Last month, Merck raised its stake in Jerusalem-based company Qlight Nanotech and is currently considering whether to apply with selected Israeli partners for research grants in the Nofar program of Israel’s Ministry of Industry and Trade. This program, which for example was used as a basis to start Qlight Nanotech, has been designed by the Israeli government to support the industrial application of academic research. The projects Merck is considering applying for are in the field of high-tech materials.
A very recent example of joint R&D activity between Merck and Israel In the field of high-tech chemicals is the start-up company Qlight Nanotech. The company develops products for use in display technologies and energy-efficient lighting systems and just in September opened new laboratories to conduct further product-related research and development. Merck increased its original stake in this company last week.
Merck already announced that it would increase the 2013 and 2014 R&D budgets for its two divisions Performance Materials and Merck Millipore, while global R&D spending for its pharmaceuticals businesses would be close to the year-earlier level. In 2012, Merck spent a total of € 1.5 billion on R&D, equivalent to 14.1% of Group sales. 80% of that amount was attributable to pharmaceuticals and 20% to chemicals divisions.
Oschmann continued: “Israel has a quality education system and above-average intellectual capital. Compared with other countries, Israel has the highest concentration of scientists and engineers in the world. In addition, cooperation partners appreciate that Israeli scientists often work in a less conventional manner and are faster at implementing their results.”
Israel took third place in the “Innovation” category in the latest Global Competitiveness Ranking published by the World Economic Forum. Globally, the country ranks fourth in scientific activity and over the past ten years, six Israelis won the Nobel Prize in Chemistry.

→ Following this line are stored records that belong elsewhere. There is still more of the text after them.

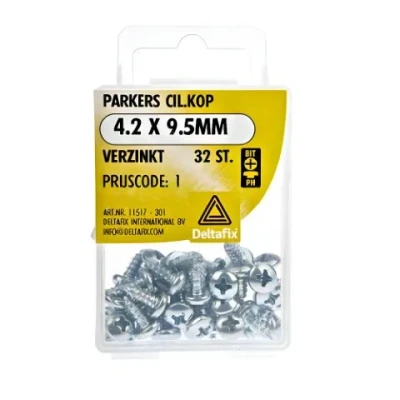 Afbeelding van Deltafix Parkers Cilinderkop Verzinkt 4.2 x 9.5mm 32 Stuks
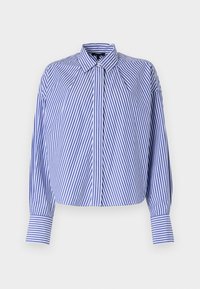 MARTHA STRIPE SHIRT - Nööpidega pluus - blue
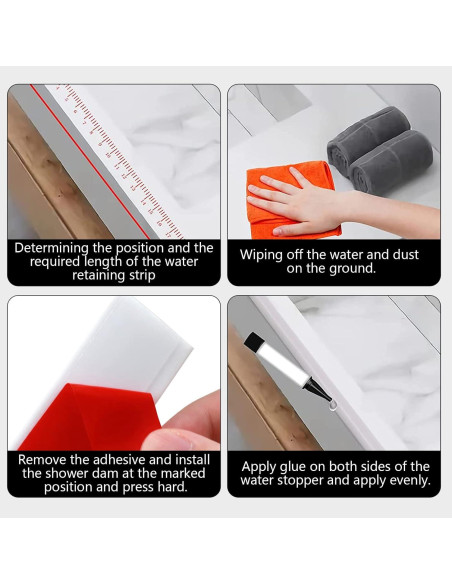 Dique de Agua Plegable Risunpet 99 cm Transparente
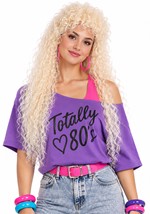 30" Adult CURLY WIG BLONDE Alt 1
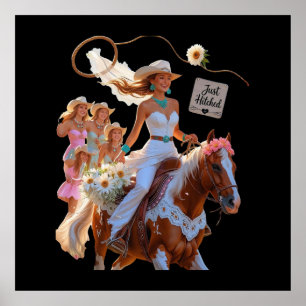 Cowgirl Bruid – Zomer Rit naar Liefde” Poster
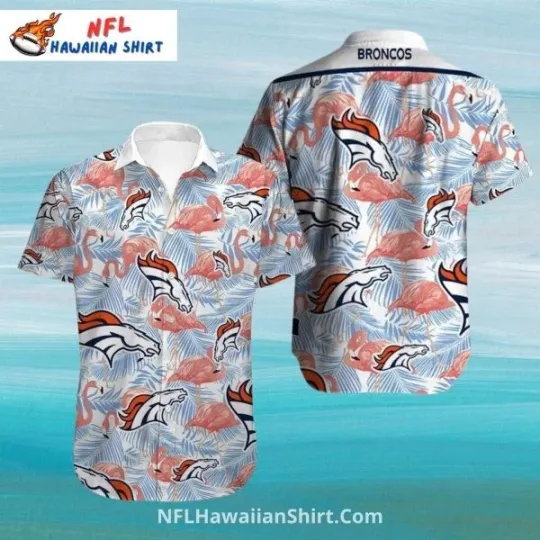 Discover Flamingo And Palm Leaf Denver Football Hawaiian Shirt Size S-5XL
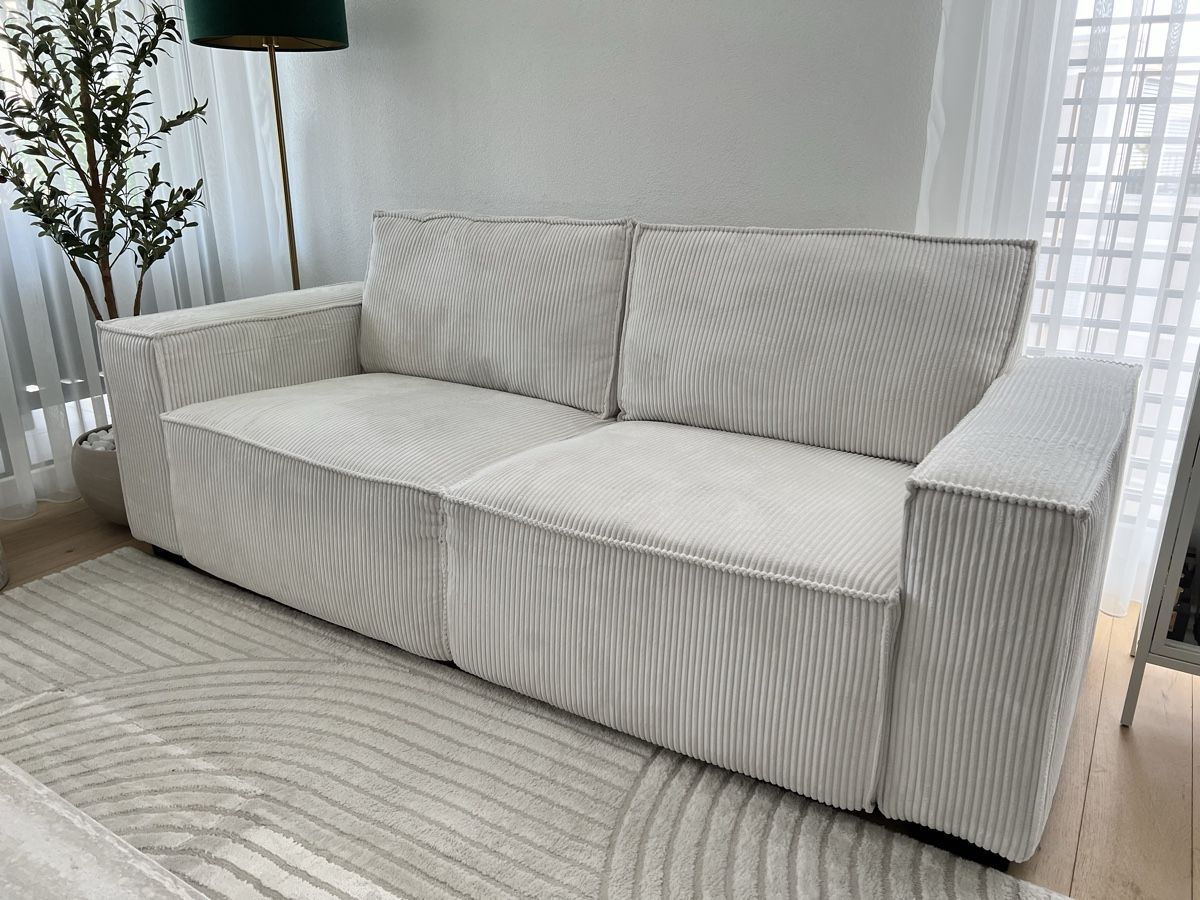 Sofas: Cord Sofa in beige – Neu (gemäss Beschreibung) aus Kreuzlingen von Yavuz94 4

On the pharmaceuticals side, Merck Serono, the biopharmaceutical division of Merck, earlier this month signed a memorandum of understanding with Israel biotech company Kadimastem, which develops human pluripotent stem cell-related products. The aim is to utilize their screening platform to characterize new compounds discovered as remyelinating agents for multiple sclerosis, but also to possibly extend the collaboration into research fields such as amyotrophic lateral sclerosis. This follows the signature of a previous agreement with Kadimastem in 2012.
Merck’s top selling drug Rebif® (2012 sales: € 1,893 million) for the treatment of multiple sclerosis has intellectual roots in Israel’s prestigious Weizmann Institute, as has Merck’s oncology drug Erbitux® (2012 sales: € 887 million).
In 2007, Merck was the first German and the first pharmaceutical and chemical company to sign the Global Enterprise Framework Collaboration Program of Israel’s Ministry of Industry and Trade. “This program gives us continuous support in identifying and creating new partnerships. In that framework we surely expect more in the upcoming future,” Oschmann said.